Data shown →
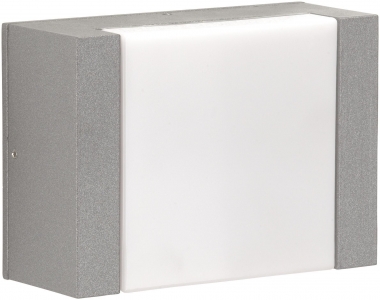 Albert Wand/Deckenleuchte Typ Nr. 690331 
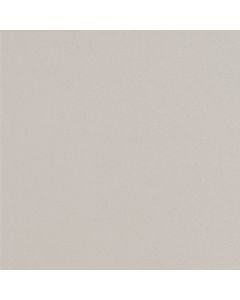 Mosa Murals Fuse 38050 Wandtegel 150X150 Mid Warm Grey #1 7mm Mat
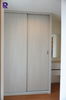 listing thumbnail image 3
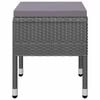Product Thumbnail Image 12 of 15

Exercise brief → Would you return the material above exactly, apart from its pictures?

Result of the exercise →
 Albert Wand/Deckenleuchte Typ Nr. 690331 
 Mosa Murals Fuse 38050 Wandtegel 150X150 Mid Warm Grey #1 7mm Mat
 listing thumbnail image 3
Product Thumbnail Image 12 of 15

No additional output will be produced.